Records >>
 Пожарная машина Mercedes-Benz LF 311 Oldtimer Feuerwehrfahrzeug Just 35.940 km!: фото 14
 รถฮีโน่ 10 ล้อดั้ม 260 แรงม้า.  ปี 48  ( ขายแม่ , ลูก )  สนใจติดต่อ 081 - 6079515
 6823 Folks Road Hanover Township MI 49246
* * *
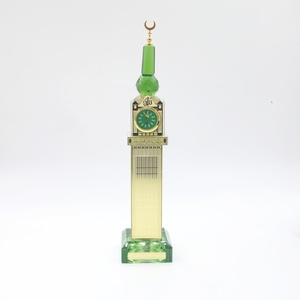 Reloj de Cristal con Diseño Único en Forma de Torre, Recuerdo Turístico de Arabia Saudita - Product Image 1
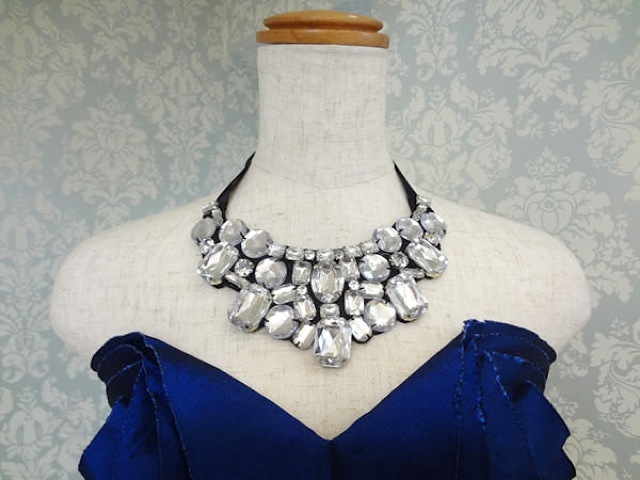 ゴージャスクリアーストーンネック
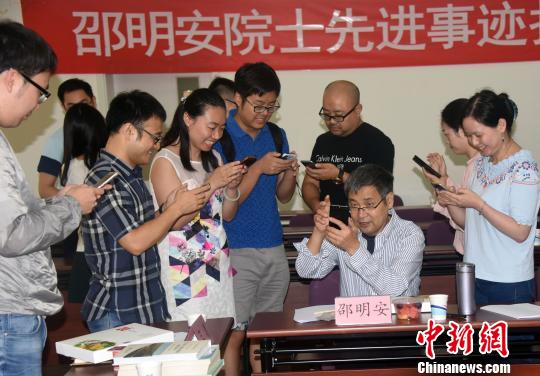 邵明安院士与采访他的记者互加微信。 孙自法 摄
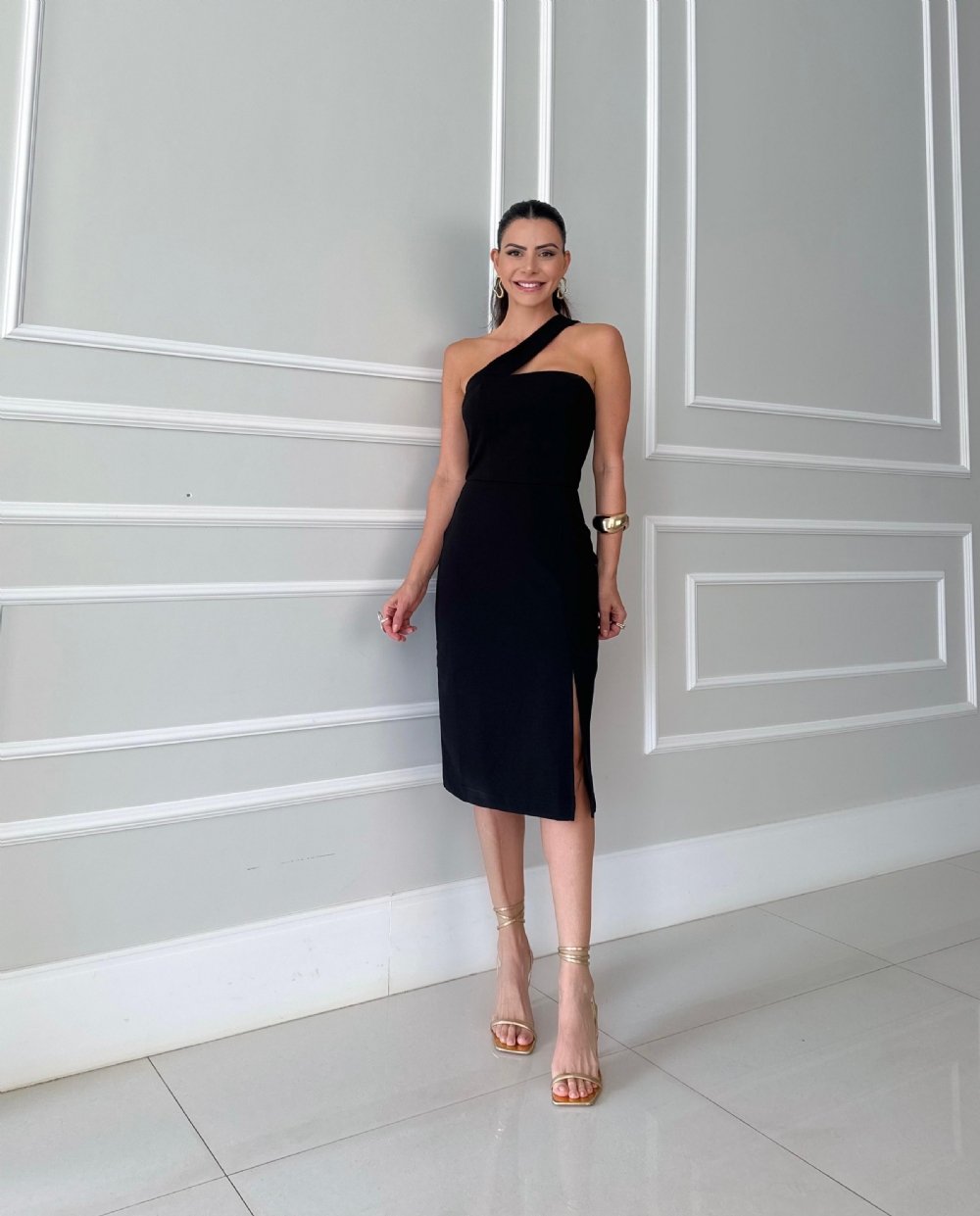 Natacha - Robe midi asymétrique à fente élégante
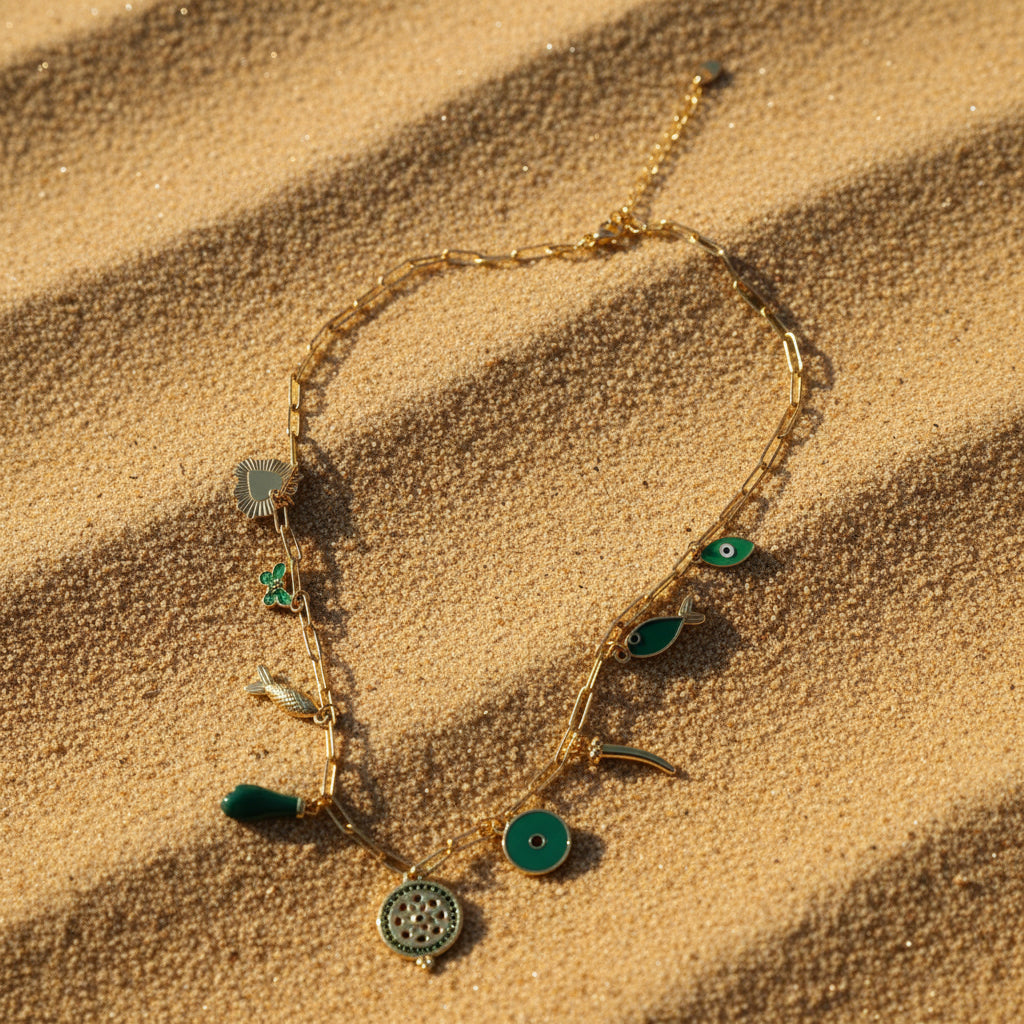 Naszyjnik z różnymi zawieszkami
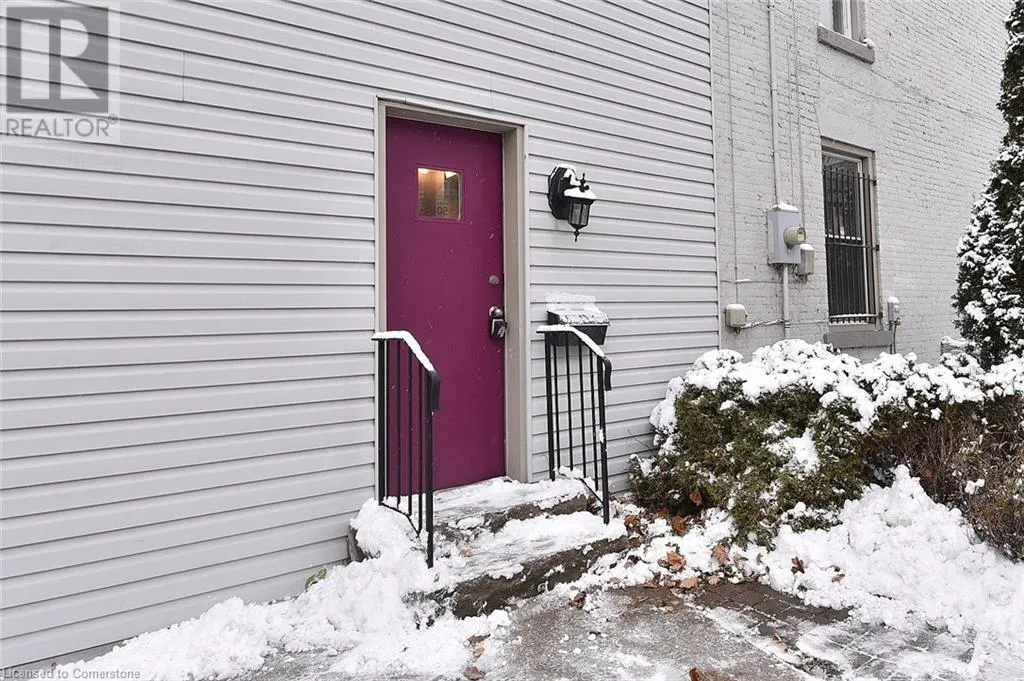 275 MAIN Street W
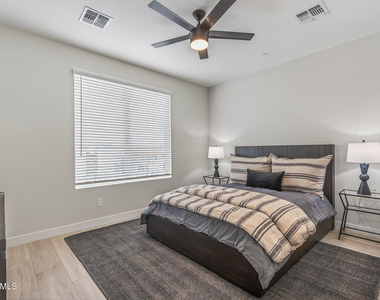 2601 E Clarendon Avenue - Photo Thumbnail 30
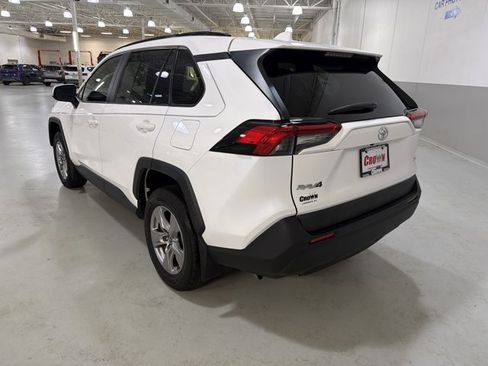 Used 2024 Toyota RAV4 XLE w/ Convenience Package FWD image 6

Task statement >>
Your copy should hold only the lines above from the one containing "275 MAIN Street W" through the one containing "Used 2024 Toyota", exactly as written and free of pictures.

Result for this task >>
 275 MAIN Street W
 2601 E Clarendon Avenue - Photo Thumbnail 30
 Used 2024 Toyota RAV4 XLE w/ Convenience Package FWD image 6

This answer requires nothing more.